LA PALABRA DEL DOMINGO

XIX Domingo. Tiempo Ordinario. Ciclo A: 13 de agosto del 2023

“Pedro representa a cada ser humano: cuando la mirada esta fija en Cristo”

Color: VERDE
Primera Lectura: 1 Re 19, 9a.11-13a
Lectura del Primer Libro de los Reyes

En aquellos días, cuando Elías llegó al Horeb, el monte de Dios se metió en una cueva donde pasó la noche. El Señor le dijo: «Sal y ponte de pie en el monte ante el Señor. ¡El Señor va a pasar!»
Vino un huracán tan violento que descuajaba los montes e hizo trizas las peñas delante del Señor; pero el Señor no estaba en el viento. Después del viento, vino un terremoto; pero el Señor no estaba en el terremoto.
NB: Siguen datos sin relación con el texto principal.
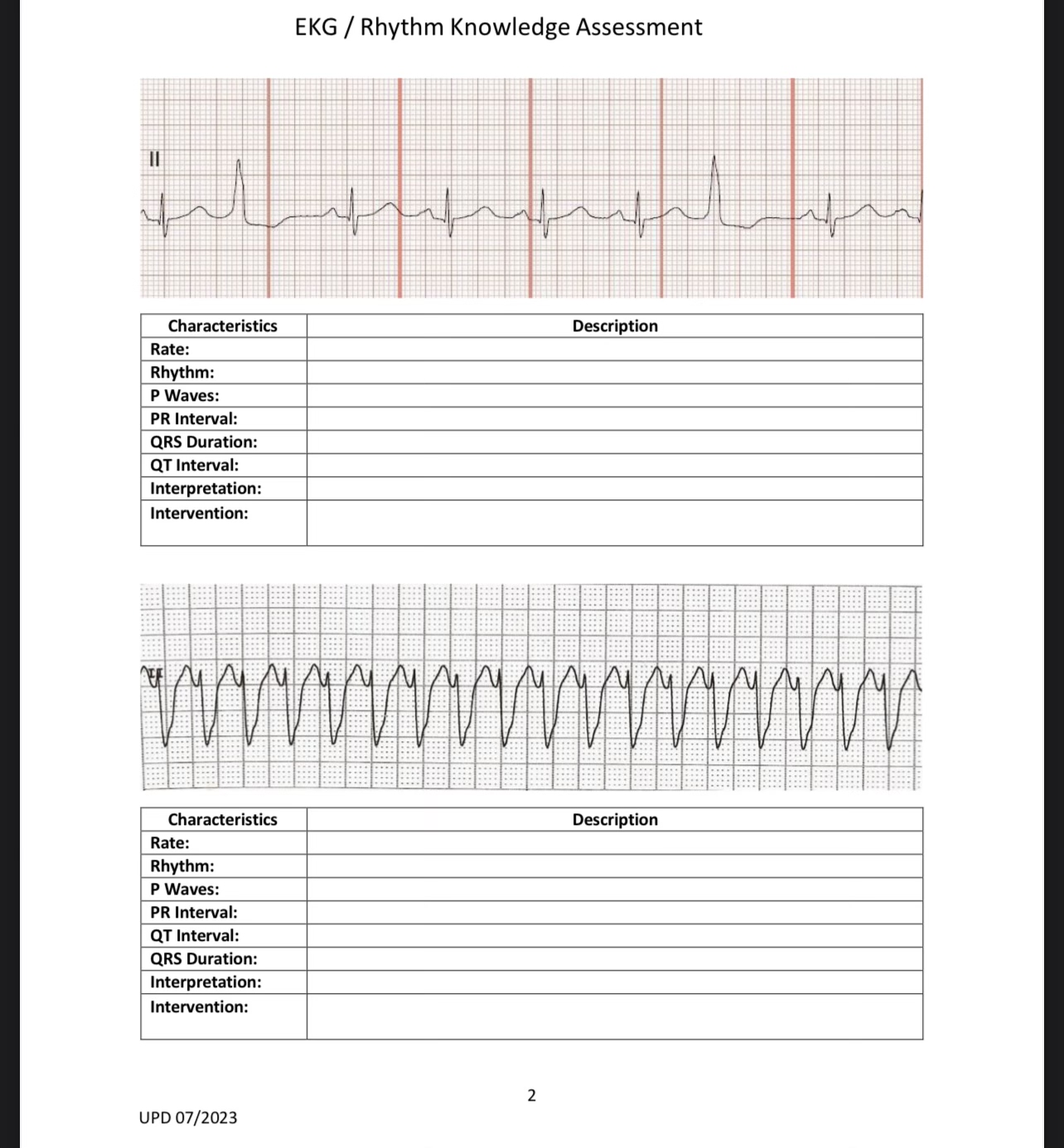 Ekg ï Rhythm Knowledge Chegg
Después del terremoto, vino un fuego; pero el Señor no estaba en el fuego. Después del fuego, se oyó una brisa tenue; al sentirla, Elías se tapó el rostro con el manto, salió afuera y se puso en pie a la entrada de la cueva.

Palabra de Dios

Salmo Responsorial: 84, 9ab-10. 11-12. 13-14
R/. Muéstranos, Señor, tu misericordia y danos tu salvación

Voy a escuchar lo que dice el Señor: «Dios anuncia la paz a su pueblo y a sus amigos”. La salvación está ya cerca de sus fieles,
y la gloria habitará en nuestra tierra. R/.
La misericordia y la fidelidad se encuentran, la justicia y la paz se besan; la fidelidad brota de la tierra, y la justicia mira desde el cielo. R/.
El Señor nos dará la lluvia, y nuestra tierra dará su fruto.
La justicia marchará ante él, la salvación seguirá sus pasos. R/.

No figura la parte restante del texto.